Purwokerto — Lembaga Pemasyarakatan (Lapas) Kelas IIA Purwokerto menerima kegiatan monitoring dan evaluasi budidaya madu lebah klanceng yang dilaksanakan oleh Tim Dosen Fakultas Biologi Universitas Jenderal Soedirman (Unsoed) Purwokerto.
Kegiatan ini diikuti oleh petugas Seksi Kegiatan Kerja serta warga binaan pemasyarakatan yang menjadi peserta program budidaya lebah klanceng, selasa (10/02/2024).

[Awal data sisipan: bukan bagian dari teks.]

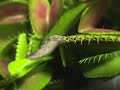 Slug Slowly Consumed by Venus Flytrap Slug Slowly Consumed by Venus Flytrap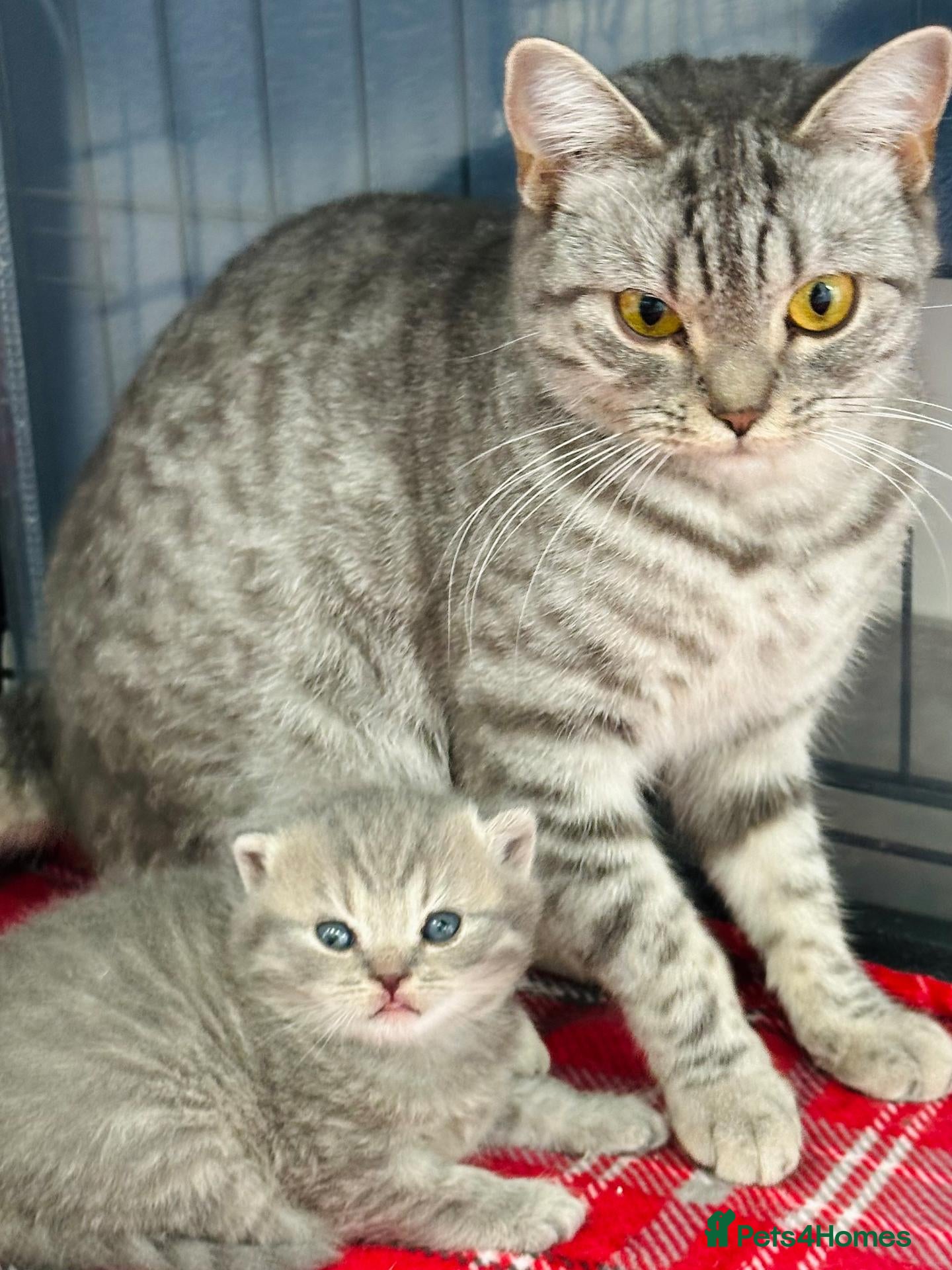 British Shorthair cats Beautiful British Shorthair Grey & Stripe Girl - Advert 2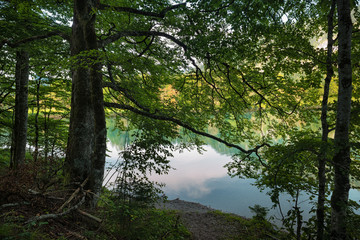 Offensee im Salzkammergut 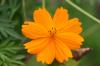 <img100*0:stuff/z/73640/Orange%2520Flower%2520Reference/i1264992858_12.jpg>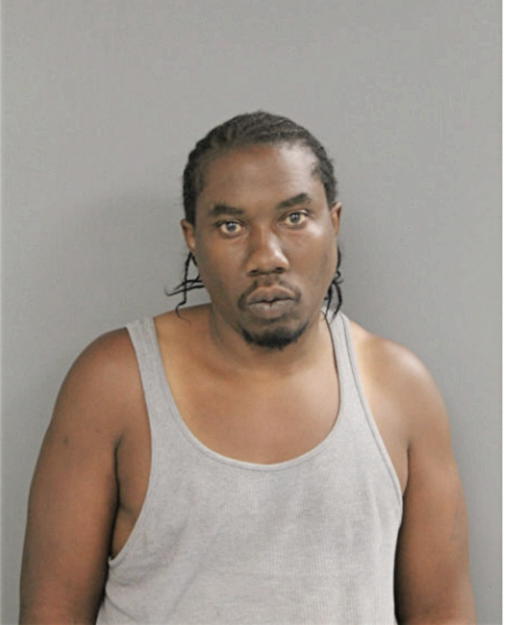 KENNETH M NEWSOME, Cook County, Illinois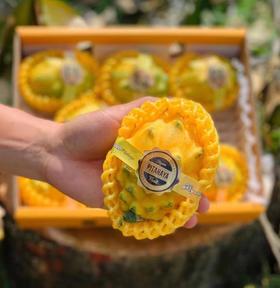 【会员28.5/颗】海南空运麒麟燕窝果 大果 300g/颗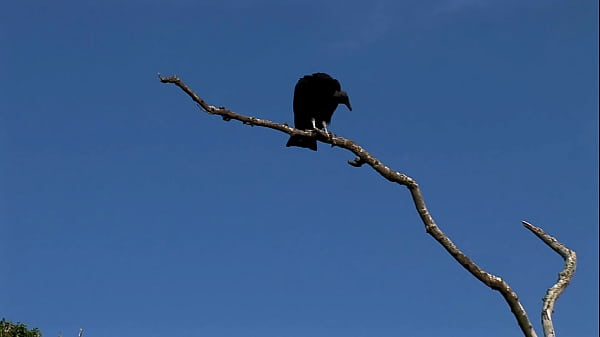 Voyeurs get an eyeful of two hot lesbians fucking on the beach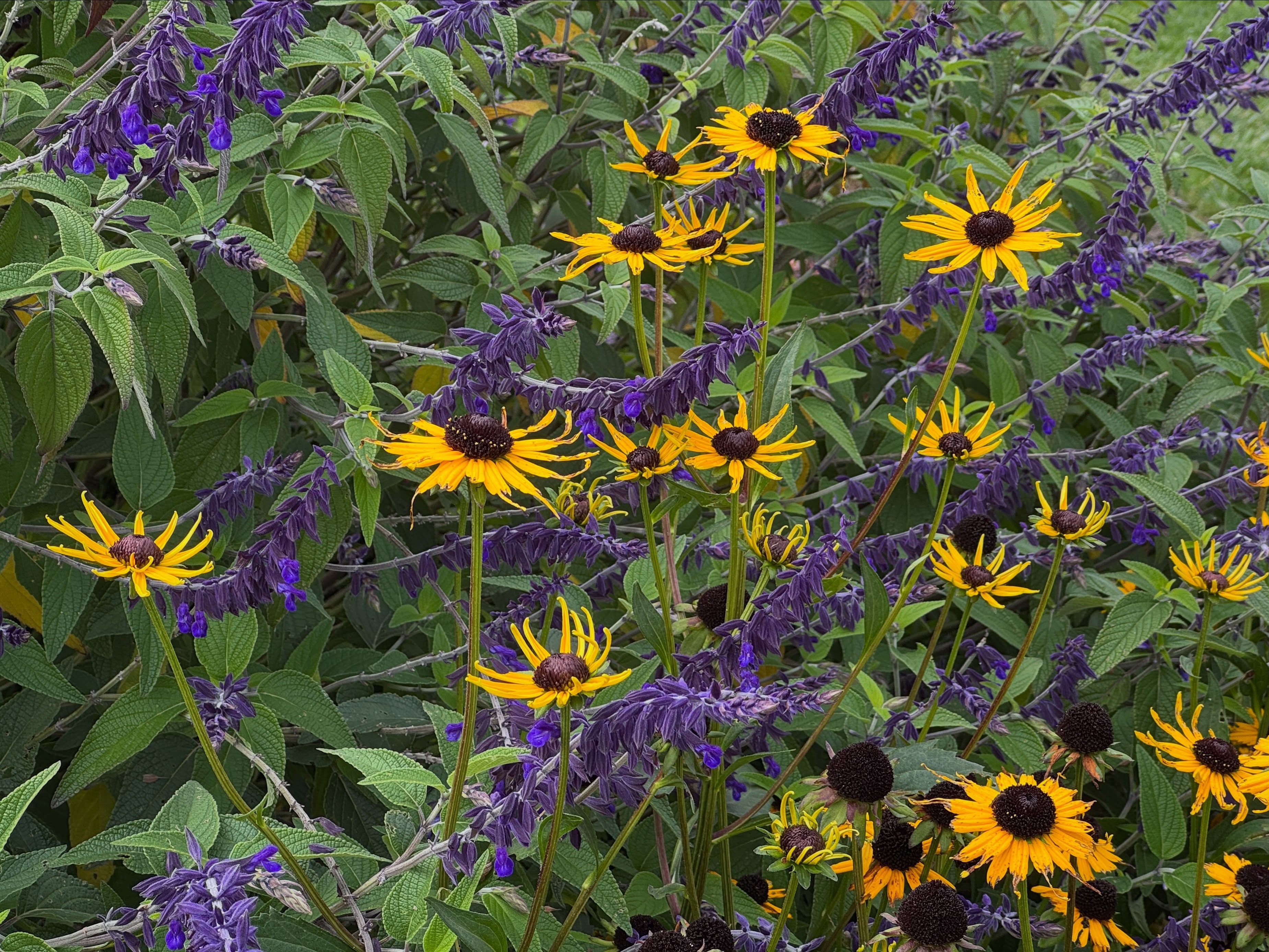💚 Hey members, tonight is your night! Join us for our members-only Fall Plant Sale Preview Party and enjoy first pick of the sale, wine from local vineyards, craft brews from North Coast Brewing Company, and a delicious taco bar.
Fog or sunshine, we will celebrate the season and the wonderful community that makes the Gardens thrive.
Not a member yet? Explore the many perks of membership and join our Garden community!
💚 Members-only Preview Party
Friday, October 9
5:30 PM to 7:00PM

Selain melakukan monitoring dan evaluasi terhadap perkembangan koloni lebah klanceng, Tim Dosen Fakultas Biologi Unsoed juga memberikan pelatihan singkat pembuatan dan pemberian pakan tambahan lebah klanceng sebagai langkah antisipasi musim paceklik.

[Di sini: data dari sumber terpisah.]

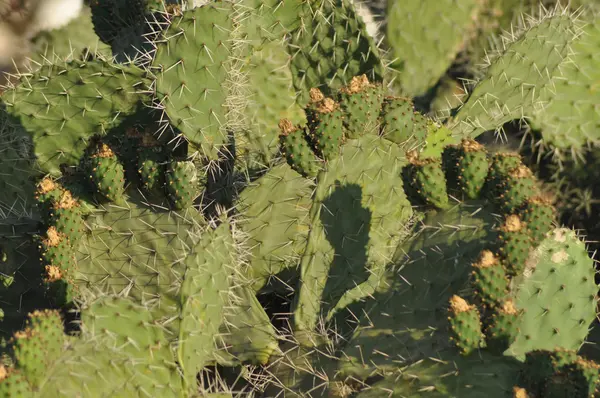 Kaktusfeige. Stachelige Pflanzen. Lebensmittelzutat. Reise. Thunfisch. — Stockfoto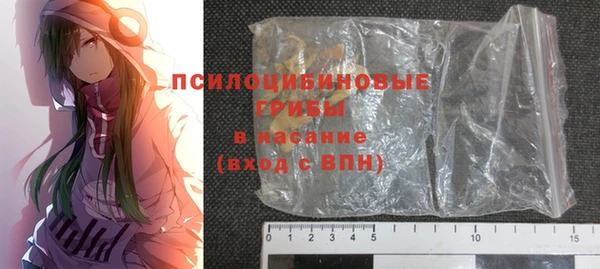 твердый Алексин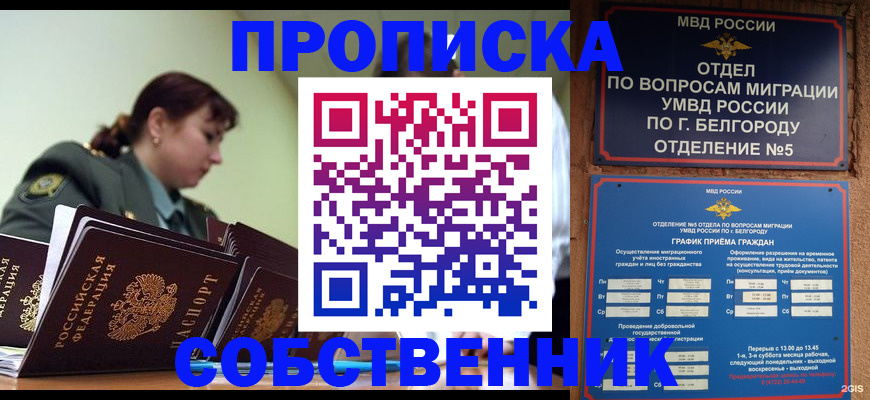 прописка 2025 в Михайлове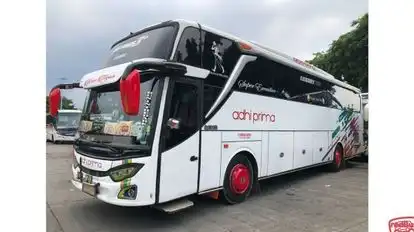 Adhi Prima Bus-Side Image
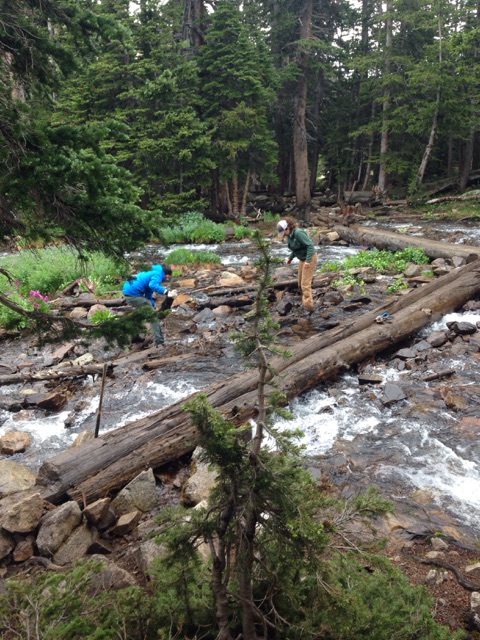 Two hikers crossing a rocky stream on a fallen log in a dense forest setting.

Warga binaan mendapatkan materi sekaligus praktik langsung pembuatan pakan tambahan berbahan dasar jagung dan kedelai guna menjaga keberlangsungan koloni dan kualitas madu.

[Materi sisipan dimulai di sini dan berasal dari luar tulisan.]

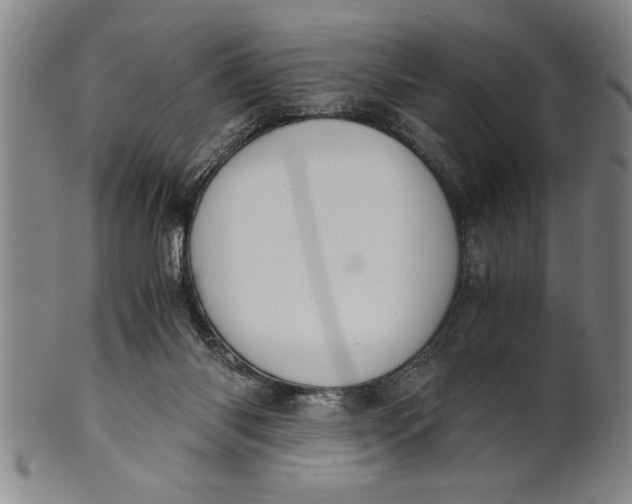 X0000101950118200808081514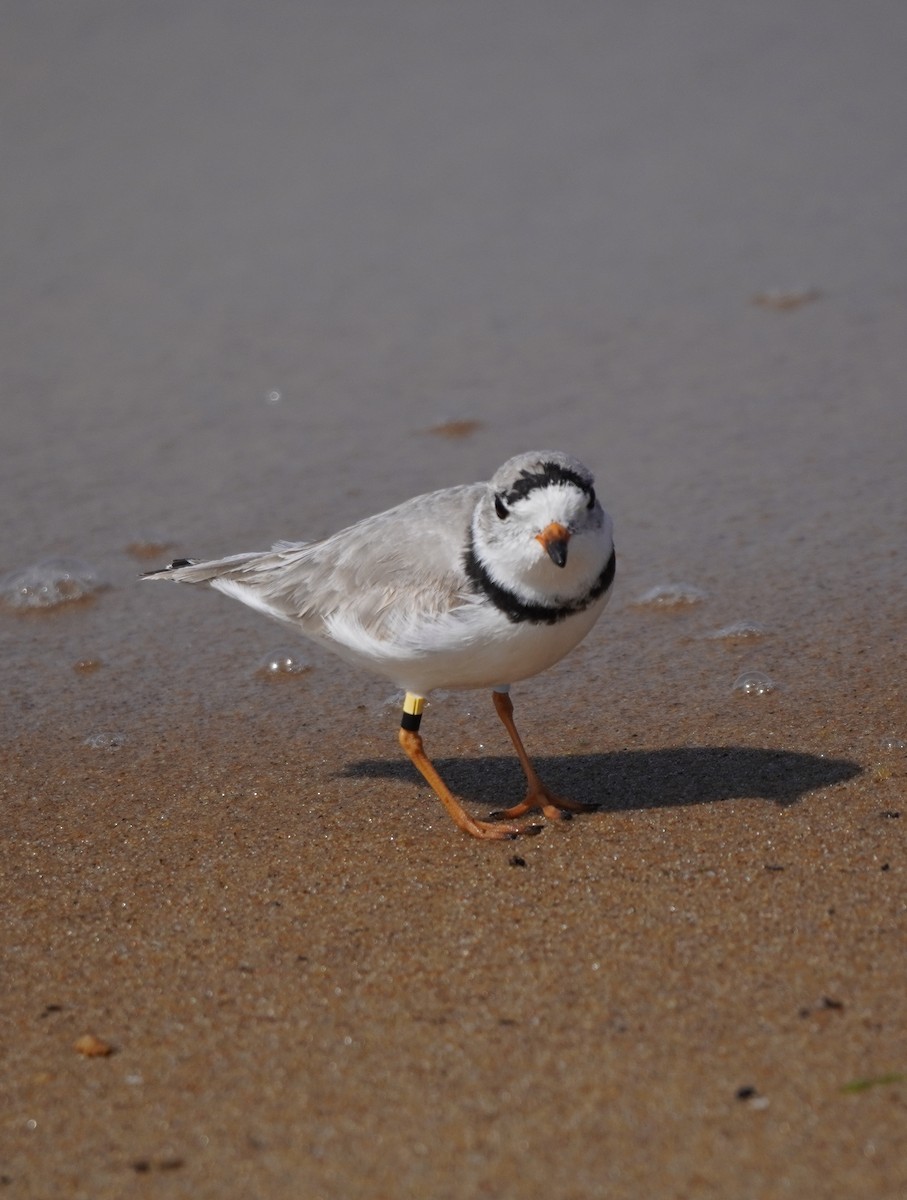 Piping Plover - ML616760509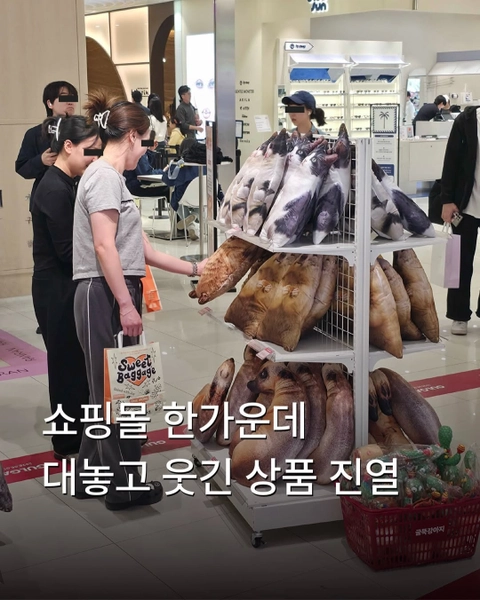 상세 이미지-65701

Salah satu Dosen Fakultas Biologi Unsoed, Juni Safitri Muljowati menyampaikan bahwa pakan tambahan memiliki peran penting dalam menjaga produktivitas lebah.
“Pakan tambahan berbahan jagung dan kedelai dapat membantu menjaga kekuatan koloni lebah klanceng pada masa minim pakan alami, sehingga produksi dan kualitas madu tetap optimal, ” jelasnya.
Sementara itu, Kepala Lapas Kelas IIA Purwokerto menyampaikan apresiasi atas pendampingan yang diberikan oleh Tim Dosen Unsoed.
“Kami sangat mengapresiasi dukungan dan pendampingan dari Fakultas Biologi Unsoed. Sinergi ini sangat bermanfaat dalam meningkatkan kualitas pembinaan kemandirian warga binaan, sekaligus memastikan program budidaya lebah klanceng berjalan berkelanjutan dan bernilai ekonomi, ” ungkapnya.
Melalui kegiatan ini, diharapkan program budidaya lebah klanceng di Lapas Kelas IIA Purwokerto dapat terus berkembang secara berkelanjutan, menghasilkan madu berkualitas, serta memberikan keterampilan dan peluang ekonomi bagi warga binaan sebagai bekal positif ketika kembali dan berintegrasi dengan masyarakat.